Since late last year, the US financial crisis has spilled over into all economic sectors, and is taking its toll on a global scale. The world economy has suffered an unprecedented setback, and is expected by the International Monetary Fund (IMF) to shrink for the first time in 60 years in 2009 by up to 2 percent.

The collapse of businesses, the loss of jobs and falling confidence all paint a bleak picture of what is believed to be the worst recession since the 1930s Great Depression.

Up to US$2 trillion involved in the global fiscal stimulus measures have yet to yield any encouraging results.

The consequent growing government deficits have become a topic of concern among the British and US public. Many people are worried that their governments have created massive debts for future generations of taxpayers.

The G20 countries have been urged by the IMF to invest the equivalent of 2 percent of their GDP into stimulus efforts during 2009 and 2010. But the proposals have failed to draw unanimous support from many of the G20 members.

Why London summit matters

The London summit is the second major gathering of G20 states, bringing together leaders of the countries for discussion on the economic crisis. Last November's Washington summit laid the groundwork for the London meeting.

The G20 countries, which represent 85 percent of the world's GDP, will make decisions, which will matter to each country as to how they will engage in a globally coordinated action to end the meltdown.
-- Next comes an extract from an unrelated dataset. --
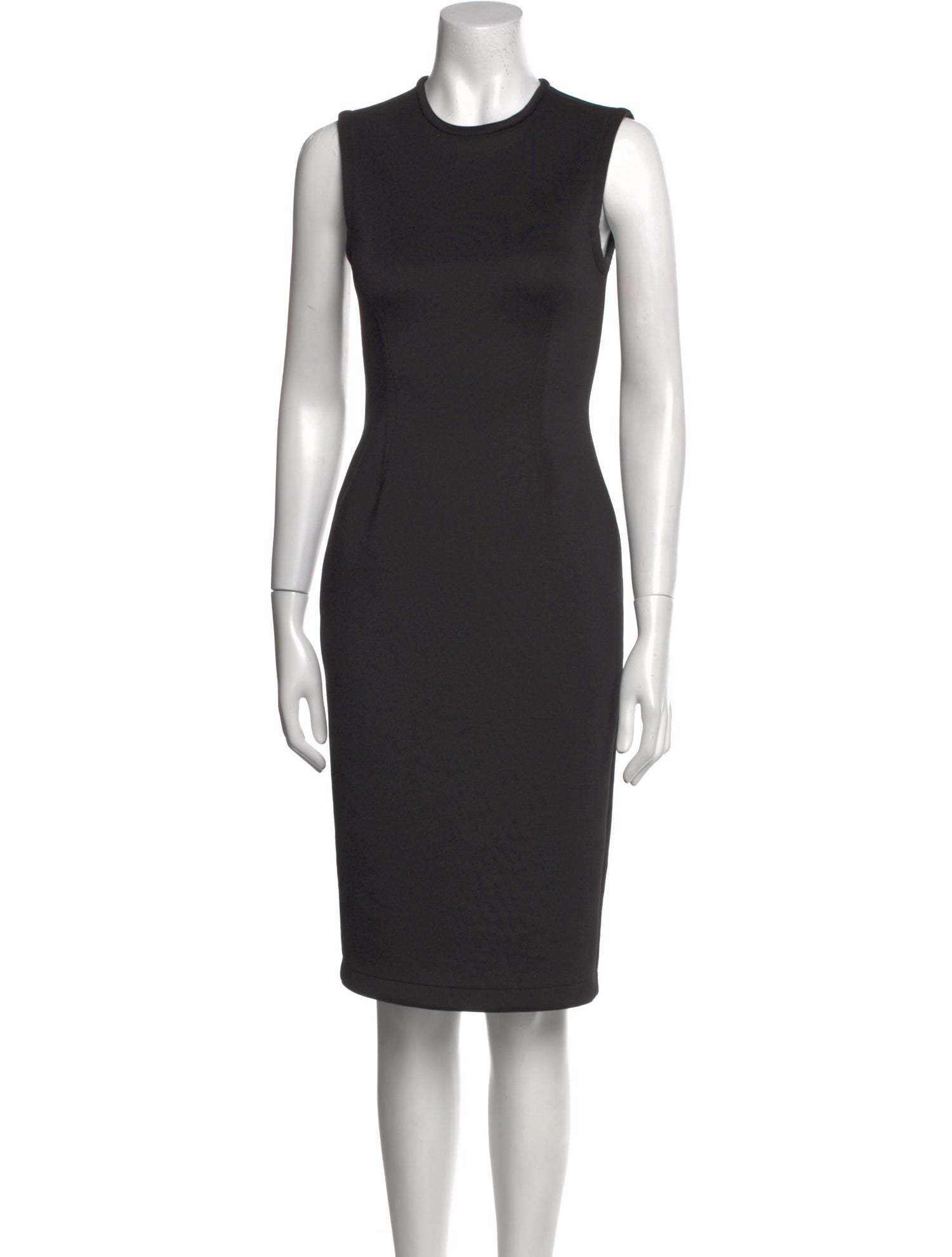 Yigal Azrouël Crew Neck Midi Length Dress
The knock-on effects of the economic crisis have highlighted the increased interconnectivity of countries in a globalized world. This also underlines the need to overhaul the international financial systems with the developing world having a bigger say in international financial institutions.

However, this would not be easily achieved, as developed countries, especially the US, are unwilling to give up their dominance of global financial institutions and markets.

China's recent proposal for creating a global currency to replace the dollar has been dismissed as "unnecessary," with many leaders, including Barack Obama, Gordon Brown and Kevin Rudd, arguing that the US dollar remains strong. However, the IMF has forecast that the US will see a 2.6 percent drop in GDP in 2009.